About this exercise ->
Using the data below, reproduce exactly the lines from the line with "Industrial Records announces" to the line with "Cudjoe, FL 33042", both included; pictures must be dropped.

Supplied data ->
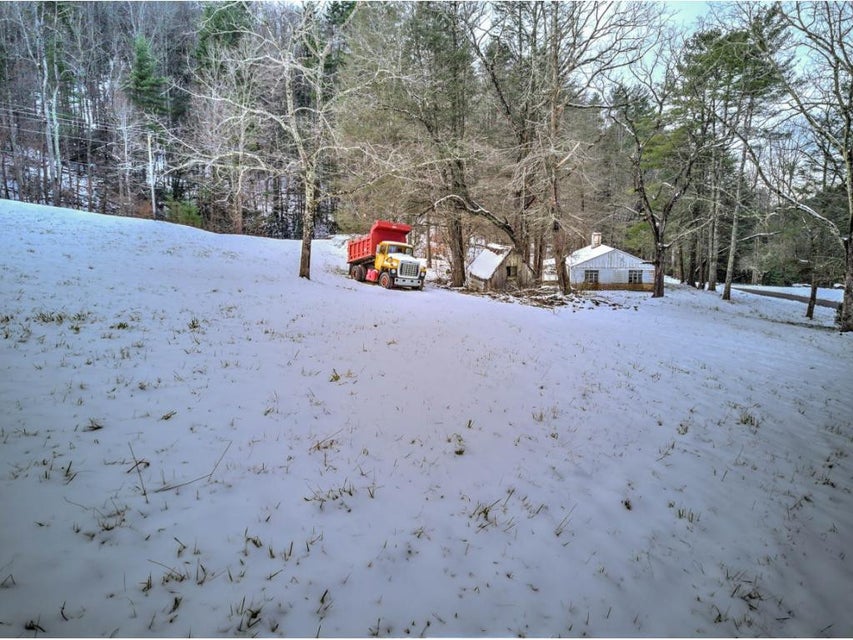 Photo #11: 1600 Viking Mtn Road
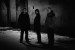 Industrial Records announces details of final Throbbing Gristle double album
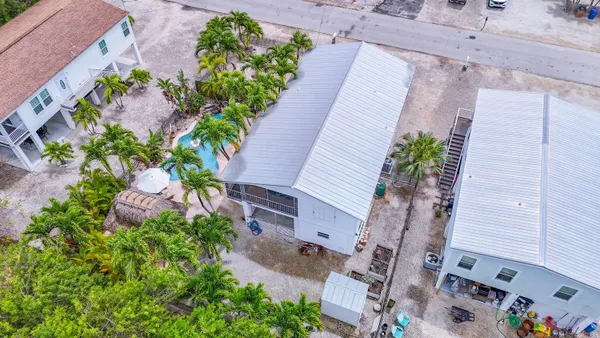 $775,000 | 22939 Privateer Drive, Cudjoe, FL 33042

...

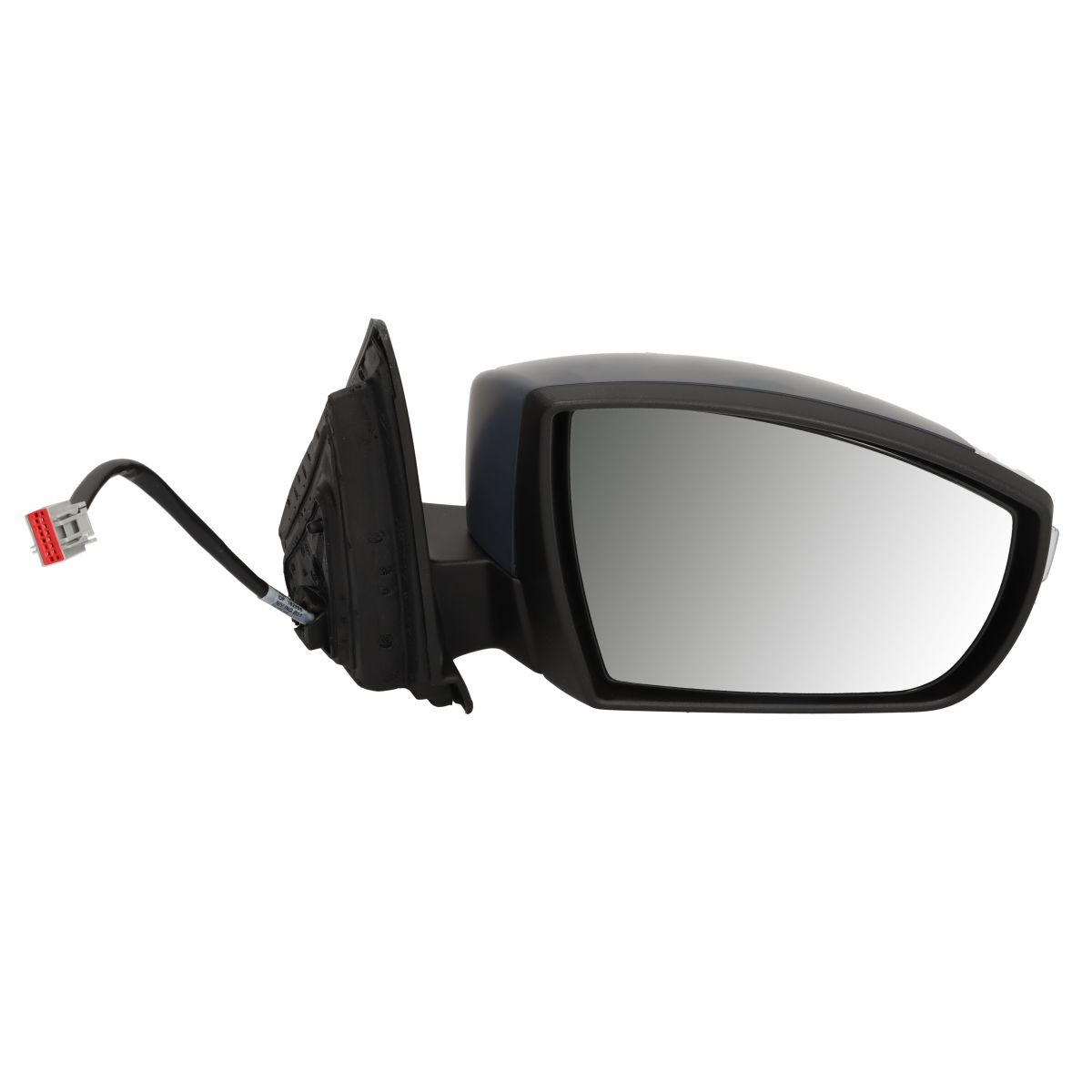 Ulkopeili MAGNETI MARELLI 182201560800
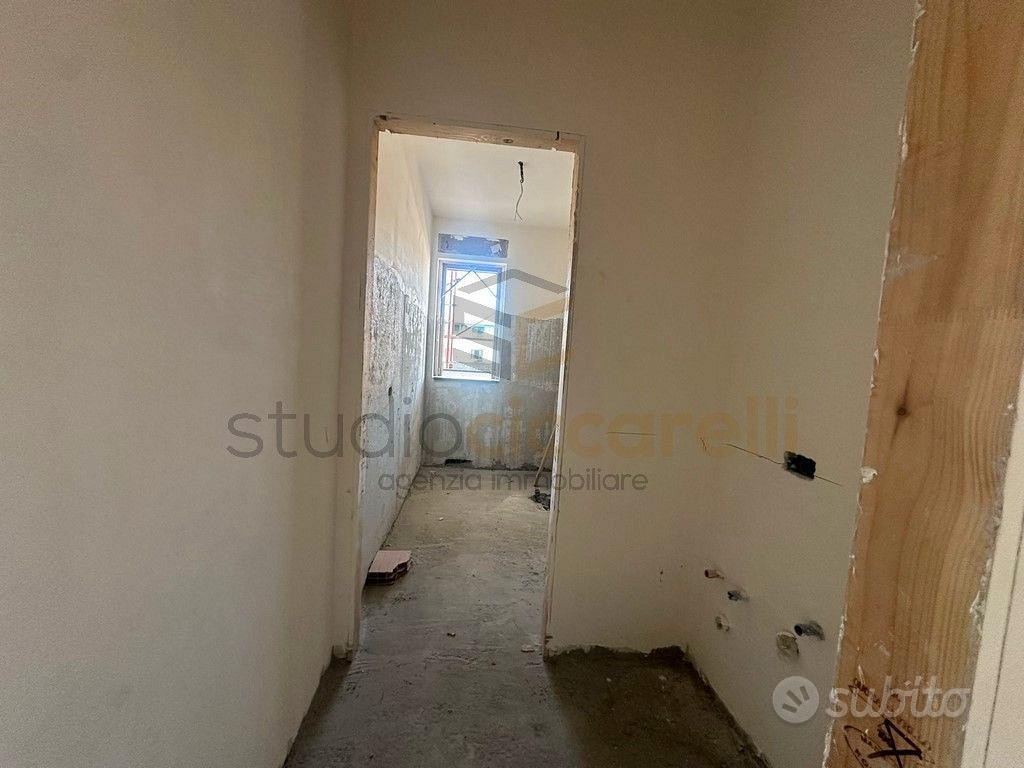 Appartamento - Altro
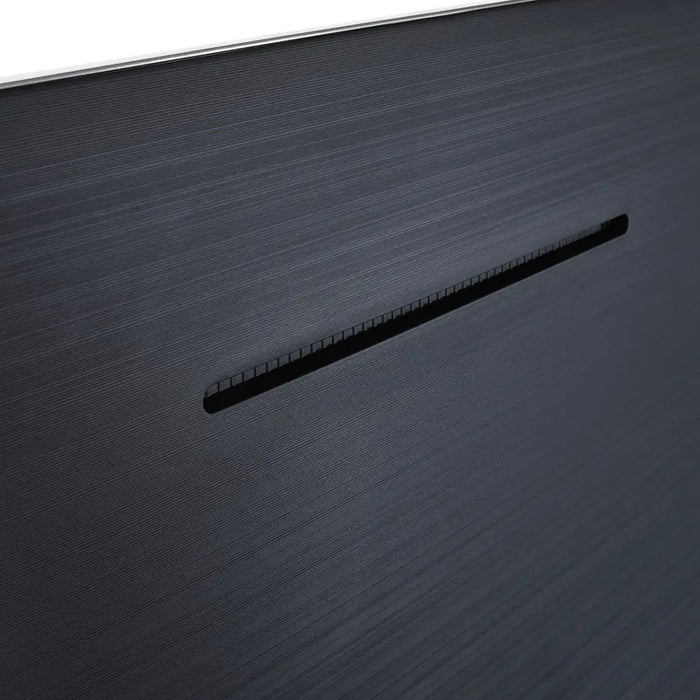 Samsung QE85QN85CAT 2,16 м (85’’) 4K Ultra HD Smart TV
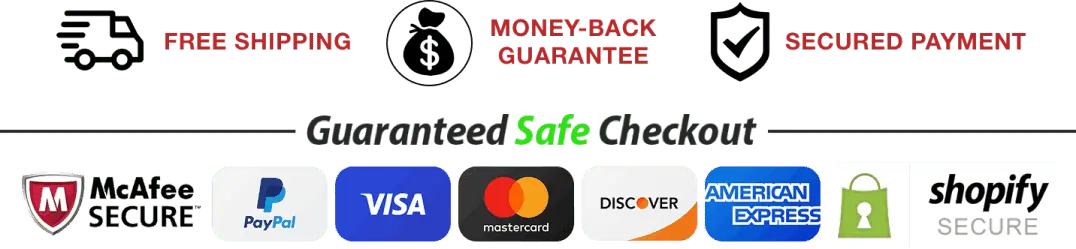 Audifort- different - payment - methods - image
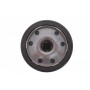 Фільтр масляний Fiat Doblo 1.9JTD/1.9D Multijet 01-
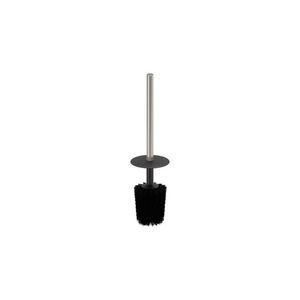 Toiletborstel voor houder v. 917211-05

Result ->
 Industrial Records announces details of final Throbbing Gristle double album
 $775,000 | 22939 Privateer Drive, Cudjoe, FL 33042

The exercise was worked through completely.